Boosting Intimacy: Psychotherapist Offers Advice for Parents

Busy parents often find their intimate lives strained due to the demands of daily responsibilities. According to psychotherapist Vanessa Marin, many couples struggle with intimacy, and her insights can help navigate these challenges. Marin emphasizes that even amidst exhaustion, parents can rekindle their connection by adopting specific practices to enhance intimacy.

Research indicates that around 37% of mothers report feeling “very dissatisfied” or “dissatisfied” with their sexual frequency. Factors influencing this dissatisfaction include the lack of time and energy, desire, relationship dynamics, and mental exhaustion. Particularly for millennial mothers, a staggering 74% point to time and energy constraints as primary factors affecting their sexual satisfaction.

Marin encourages parents to reconsider the initiation of intimacy.
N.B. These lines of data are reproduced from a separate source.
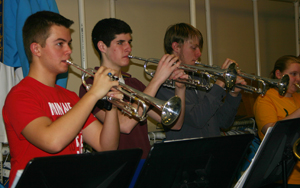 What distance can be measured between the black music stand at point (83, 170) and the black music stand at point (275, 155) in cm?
76

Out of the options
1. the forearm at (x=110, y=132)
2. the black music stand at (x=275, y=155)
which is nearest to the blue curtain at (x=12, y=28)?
the forearm at (x=110, y=132)

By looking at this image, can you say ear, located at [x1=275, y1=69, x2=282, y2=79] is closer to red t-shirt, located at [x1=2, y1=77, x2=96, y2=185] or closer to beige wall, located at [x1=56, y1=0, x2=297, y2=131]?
beige wall, located at [x1=56, y1=0, x2=297, y2=131]

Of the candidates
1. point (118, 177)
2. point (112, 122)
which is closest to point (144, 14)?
point (112, 122)

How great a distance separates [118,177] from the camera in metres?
1.29

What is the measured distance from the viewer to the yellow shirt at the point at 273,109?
2.68 meters

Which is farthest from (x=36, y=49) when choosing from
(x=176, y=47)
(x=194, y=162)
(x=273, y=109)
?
(x=273, y=109)

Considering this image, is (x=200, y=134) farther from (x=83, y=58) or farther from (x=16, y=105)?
(x=16, y=105)

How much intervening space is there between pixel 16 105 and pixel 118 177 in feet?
2.30

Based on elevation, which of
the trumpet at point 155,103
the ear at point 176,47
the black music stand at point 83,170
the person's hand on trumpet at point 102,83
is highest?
the ear at point 176,47

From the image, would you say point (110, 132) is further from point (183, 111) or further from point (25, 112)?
Result: point (183, 111)

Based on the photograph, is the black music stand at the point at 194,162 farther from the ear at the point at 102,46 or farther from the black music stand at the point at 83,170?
the ear at the point at 102,46

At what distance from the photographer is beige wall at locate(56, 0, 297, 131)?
11.0ft

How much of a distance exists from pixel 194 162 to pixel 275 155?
0.68 metres

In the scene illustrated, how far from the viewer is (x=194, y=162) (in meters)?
1.47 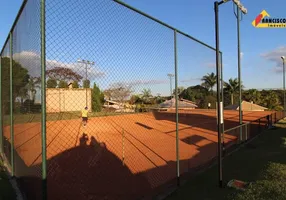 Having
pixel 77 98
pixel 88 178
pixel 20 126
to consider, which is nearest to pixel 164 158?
pixel 88 178

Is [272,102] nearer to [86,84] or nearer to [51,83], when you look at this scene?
[86,84]

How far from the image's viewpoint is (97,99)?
404 cm

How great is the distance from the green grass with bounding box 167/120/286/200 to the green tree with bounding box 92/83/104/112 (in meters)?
2.41

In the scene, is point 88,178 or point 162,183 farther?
point 88,178

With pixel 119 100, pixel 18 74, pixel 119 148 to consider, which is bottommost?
pixel 119 148

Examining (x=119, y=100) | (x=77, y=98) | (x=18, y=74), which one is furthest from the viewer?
(x=18, y=74)

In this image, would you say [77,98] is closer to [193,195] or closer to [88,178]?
[193,195]

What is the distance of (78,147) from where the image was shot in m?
13.2

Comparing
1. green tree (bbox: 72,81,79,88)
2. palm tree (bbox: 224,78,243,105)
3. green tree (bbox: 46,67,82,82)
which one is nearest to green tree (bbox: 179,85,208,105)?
green tree (bbox: 72,81,79,88)

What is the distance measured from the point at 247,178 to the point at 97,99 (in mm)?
4218

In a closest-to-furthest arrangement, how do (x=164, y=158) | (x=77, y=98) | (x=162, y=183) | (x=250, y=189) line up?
(x=77, y=98) → (x=250, y=189) → (x=162, y=183) → (x=164, y=158)

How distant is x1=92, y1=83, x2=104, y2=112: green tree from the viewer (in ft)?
12.8

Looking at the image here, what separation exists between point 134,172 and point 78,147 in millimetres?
5578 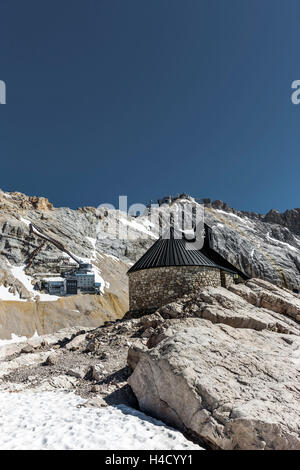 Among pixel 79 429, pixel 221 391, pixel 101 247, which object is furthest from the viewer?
pixel 101 247

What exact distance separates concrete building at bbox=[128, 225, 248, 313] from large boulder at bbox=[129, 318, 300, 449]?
27.0 ft

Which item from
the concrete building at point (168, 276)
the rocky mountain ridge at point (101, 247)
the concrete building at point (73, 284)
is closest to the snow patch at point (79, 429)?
the concrete building at point (168, 276)

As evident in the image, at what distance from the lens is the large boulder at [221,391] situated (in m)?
5.38

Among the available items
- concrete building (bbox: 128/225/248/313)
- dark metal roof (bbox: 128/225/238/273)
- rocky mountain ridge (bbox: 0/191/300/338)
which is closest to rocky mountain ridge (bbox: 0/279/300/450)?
concrete building (bbox: 128/225/248/313)

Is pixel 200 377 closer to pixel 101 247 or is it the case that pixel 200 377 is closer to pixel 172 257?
pixel 172 257

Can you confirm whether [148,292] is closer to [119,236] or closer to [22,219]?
[22,219]

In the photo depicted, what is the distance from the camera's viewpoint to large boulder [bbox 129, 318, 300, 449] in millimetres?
5375

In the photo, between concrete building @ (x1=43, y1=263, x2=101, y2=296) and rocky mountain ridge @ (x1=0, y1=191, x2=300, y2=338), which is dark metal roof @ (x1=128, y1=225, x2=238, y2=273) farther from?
concrete building @ (x1=43, y1=263, x2=101, y2=296)

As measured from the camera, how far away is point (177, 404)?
6.22 m

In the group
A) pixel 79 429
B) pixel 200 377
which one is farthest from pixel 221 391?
pixel 79 429

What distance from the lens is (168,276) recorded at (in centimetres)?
1688

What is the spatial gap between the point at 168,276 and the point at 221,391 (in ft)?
35.5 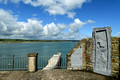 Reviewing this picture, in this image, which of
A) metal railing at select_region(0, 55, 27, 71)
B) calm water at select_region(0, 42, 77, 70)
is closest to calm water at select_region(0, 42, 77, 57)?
calm water at select_region(0, 42, 77, 70)

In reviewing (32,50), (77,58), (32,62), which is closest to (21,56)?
(32,62)

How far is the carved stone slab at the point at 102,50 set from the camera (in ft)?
20.4

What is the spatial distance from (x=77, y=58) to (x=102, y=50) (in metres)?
2.27

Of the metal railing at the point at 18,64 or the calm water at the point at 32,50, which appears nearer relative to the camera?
the metal railing at the point at 18,64

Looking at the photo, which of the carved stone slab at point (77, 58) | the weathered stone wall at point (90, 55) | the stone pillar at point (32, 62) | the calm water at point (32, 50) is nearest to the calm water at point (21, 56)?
the calm water at point (32, 50)

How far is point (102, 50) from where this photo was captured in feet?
21.5

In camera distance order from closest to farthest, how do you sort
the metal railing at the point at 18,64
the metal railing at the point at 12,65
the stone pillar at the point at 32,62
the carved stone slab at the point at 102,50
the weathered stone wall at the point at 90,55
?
the weathered stone wall at the point at 90,55 → the carved stone slab at the point at 102,50 → the stone pillar at the point at 32,62 → the metal railing at the point at 12,65 → the metal railing at the point at 18,64

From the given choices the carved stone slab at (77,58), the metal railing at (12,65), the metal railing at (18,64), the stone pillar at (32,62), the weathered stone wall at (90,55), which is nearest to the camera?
the weathered stone wall at (90,55)

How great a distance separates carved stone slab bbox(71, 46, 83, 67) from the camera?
7465 millimetres

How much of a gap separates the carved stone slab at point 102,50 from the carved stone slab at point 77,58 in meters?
1.22

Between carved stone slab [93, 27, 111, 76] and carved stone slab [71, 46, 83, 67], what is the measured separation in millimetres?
1222

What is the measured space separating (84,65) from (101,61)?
1.58 metres

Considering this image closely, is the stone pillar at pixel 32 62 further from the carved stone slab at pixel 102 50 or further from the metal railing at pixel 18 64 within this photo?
the carved stone slab at pixel 102 50

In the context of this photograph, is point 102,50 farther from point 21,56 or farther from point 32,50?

She notes, “Initiating sex is about showing your partner that they’re important and that intimacy is a priority for you.” This act can foster a sense of closeness and connection. Both partners should feel empowered to initiate intimacy, as relying on one person can lead to feelings of disconnection and burden.
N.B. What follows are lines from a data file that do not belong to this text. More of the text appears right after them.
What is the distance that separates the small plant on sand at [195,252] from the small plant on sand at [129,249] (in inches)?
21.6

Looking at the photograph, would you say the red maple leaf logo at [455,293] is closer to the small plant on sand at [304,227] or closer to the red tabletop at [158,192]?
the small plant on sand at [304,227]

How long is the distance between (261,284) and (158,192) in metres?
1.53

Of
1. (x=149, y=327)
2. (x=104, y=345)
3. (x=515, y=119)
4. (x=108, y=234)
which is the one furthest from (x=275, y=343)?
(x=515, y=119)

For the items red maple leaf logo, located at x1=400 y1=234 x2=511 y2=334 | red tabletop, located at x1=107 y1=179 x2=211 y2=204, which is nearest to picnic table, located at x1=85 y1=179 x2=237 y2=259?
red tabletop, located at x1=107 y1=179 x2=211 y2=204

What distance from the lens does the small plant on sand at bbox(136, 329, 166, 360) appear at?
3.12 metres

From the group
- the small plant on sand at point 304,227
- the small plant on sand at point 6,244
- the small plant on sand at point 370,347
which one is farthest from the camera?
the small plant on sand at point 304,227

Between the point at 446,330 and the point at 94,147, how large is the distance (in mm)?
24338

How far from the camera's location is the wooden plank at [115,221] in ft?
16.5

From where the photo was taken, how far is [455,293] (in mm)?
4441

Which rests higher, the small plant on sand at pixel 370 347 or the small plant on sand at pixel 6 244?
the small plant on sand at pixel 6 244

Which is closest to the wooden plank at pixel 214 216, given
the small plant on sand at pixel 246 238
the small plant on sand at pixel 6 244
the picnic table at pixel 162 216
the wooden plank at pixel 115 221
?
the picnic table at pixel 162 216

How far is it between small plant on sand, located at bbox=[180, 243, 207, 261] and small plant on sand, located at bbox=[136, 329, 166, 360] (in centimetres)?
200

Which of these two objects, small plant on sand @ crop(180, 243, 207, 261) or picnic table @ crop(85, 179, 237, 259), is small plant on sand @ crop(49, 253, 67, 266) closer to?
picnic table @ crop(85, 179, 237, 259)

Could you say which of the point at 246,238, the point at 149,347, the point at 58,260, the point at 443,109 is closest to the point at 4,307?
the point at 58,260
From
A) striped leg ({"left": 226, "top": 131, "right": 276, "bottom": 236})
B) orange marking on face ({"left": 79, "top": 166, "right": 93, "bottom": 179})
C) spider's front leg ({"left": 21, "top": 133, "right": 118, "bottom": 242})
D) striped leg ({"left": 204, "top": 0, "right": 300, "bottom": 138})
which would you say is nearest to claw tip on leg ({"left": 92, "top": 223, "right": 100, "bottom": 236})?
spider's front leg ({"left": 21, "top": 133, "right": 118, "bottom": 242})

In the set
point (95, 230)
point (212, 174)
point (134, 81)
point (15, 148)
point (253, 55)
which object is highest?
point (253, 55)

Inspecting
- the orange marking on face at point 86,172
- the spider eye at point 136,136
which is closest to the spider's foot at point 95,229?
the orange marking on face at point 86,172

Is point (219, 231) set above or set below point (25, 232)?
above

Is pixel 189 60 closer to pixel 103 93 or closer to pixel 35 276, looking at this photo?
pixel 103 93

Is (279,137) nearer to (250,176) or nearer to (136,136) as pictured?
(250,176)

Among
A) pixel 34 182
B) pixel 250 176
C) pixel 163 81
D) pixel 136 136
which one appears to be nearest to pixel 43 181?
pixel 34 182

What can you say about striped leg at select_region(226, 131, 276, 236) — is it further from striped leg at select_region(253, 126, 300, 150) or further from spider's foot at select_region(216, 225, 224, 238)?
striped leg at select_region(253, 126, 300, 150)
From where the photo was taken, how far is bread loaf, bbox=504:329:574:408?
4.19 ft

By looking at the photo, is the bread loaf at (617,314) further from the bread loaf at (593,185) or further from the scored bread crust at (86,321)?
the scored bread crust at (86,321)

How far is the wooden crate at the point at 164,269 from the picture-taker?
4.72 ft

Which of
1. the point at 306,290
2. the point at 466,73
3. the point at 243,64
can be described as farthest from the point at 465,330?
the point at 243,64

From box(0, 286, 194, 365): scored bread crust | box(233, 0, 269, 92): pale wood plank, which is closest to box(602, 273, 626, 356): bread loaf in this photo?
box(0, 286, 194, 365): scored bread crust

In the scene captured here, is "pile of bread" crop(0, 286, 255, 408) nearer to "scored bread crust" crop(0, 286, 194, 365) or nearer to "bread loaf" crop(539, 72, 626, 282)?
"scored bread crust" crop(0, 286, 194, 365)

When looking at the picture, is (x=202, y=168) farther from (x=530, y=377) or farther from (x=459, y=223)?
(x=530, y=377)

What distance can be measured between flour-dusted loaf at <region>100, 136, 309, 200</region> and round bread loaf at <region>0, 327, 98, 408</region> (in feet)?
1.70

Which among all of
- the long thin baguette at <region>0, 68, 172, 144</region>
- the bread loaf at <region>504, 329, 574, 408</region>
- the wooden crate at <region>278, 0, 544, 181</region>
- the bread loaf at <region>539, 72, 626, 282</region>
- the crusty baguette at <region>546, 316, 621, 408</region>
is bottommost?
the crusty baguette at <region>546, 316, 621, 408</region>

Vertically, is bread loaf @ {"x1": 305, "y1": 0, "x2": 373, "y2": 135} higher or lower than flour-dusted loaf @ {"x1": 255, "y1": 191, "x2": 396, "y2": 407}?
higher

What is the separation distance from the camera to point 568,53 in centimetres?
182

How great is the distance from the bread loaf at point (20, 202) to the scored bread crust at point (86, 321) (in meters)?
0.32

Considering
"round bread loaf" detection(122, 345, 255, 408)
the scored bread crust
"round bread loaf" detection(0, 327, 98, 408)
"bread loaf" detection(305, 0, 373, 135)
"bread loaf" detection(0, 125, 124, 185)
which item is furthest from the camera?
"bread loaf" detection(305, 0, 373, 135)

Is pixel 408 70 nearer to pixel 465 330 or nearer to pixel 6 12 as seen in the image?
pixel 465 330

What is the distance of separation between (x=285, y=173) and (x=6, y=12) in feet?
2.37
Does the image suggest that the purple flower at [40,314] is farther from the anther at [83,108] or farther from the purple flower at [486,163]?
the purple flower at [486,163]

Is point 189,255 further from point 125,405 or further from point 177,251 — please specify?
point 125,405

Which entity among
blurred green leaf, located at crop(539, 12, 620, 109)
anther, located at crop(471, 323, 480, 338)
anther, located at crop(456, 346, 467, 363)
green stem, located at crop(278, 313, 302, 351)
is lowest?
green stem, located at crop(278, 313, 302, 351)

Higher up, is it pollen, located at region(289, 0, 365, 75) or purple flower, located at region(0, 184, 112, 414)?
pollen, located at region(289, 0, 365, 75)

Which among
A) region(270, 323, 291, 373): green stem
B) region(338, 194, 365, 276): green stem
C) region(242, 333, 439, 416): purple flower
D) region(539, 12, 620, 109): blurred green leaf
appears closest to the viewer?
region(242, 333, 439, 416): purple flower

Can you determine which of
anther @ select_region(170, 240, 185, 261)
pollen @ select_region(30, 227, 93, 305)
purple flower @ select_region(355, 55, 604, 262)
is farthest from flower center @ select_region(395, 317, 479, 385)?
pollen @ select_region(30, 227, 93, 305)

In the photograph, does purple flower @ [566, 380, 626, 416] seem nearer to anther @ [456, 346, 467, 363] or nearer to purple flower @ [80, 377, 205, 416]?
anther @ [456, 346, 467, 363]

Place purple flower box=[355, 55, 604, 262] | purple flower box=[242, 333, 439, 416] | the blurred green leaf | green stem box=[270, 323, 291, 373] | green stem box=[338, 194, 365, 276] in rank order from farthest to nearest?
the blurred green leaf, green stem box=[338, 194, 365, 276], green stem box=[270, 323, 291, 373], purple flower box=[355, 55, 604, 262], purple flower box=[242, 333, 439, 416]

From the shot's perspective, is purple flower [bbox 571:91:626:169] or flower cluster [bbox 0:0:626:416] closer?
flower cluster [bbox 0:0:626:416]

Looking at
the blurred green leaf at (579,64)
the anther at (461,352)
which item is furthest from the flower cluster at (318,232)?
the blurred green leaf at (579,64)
Many parents may find themselves too tired at the end of a long day, yet Marin suggests that even a simple expression of desire, such as a kiss or a playful touch, can go a long way. “You don’t need hours of uninterrupted time,” she explains. “A quick kiss or a simple, ‘Hey, want to sneak away for a bit?’ can be enough to get things started.”

Another common issue arises when one partner consistently initiates intimacy. Marin believes that both partners should share this responsibility to prevent emotional disconnection. “It would mean so much to me if you initiated sometimes, too. It makes me feel wanted and desired,” she advises. She also points out that initiation does not require immediate desire; it can simply be an openness to intimacy.

For couples struggling to make time for intimacy, Marin suggests scheduling it. “If you’re not intentional about carving out that time for each other, it’s simply not going to happen,” she states. This proactive approach can help ensure that both partners prioritize their connection.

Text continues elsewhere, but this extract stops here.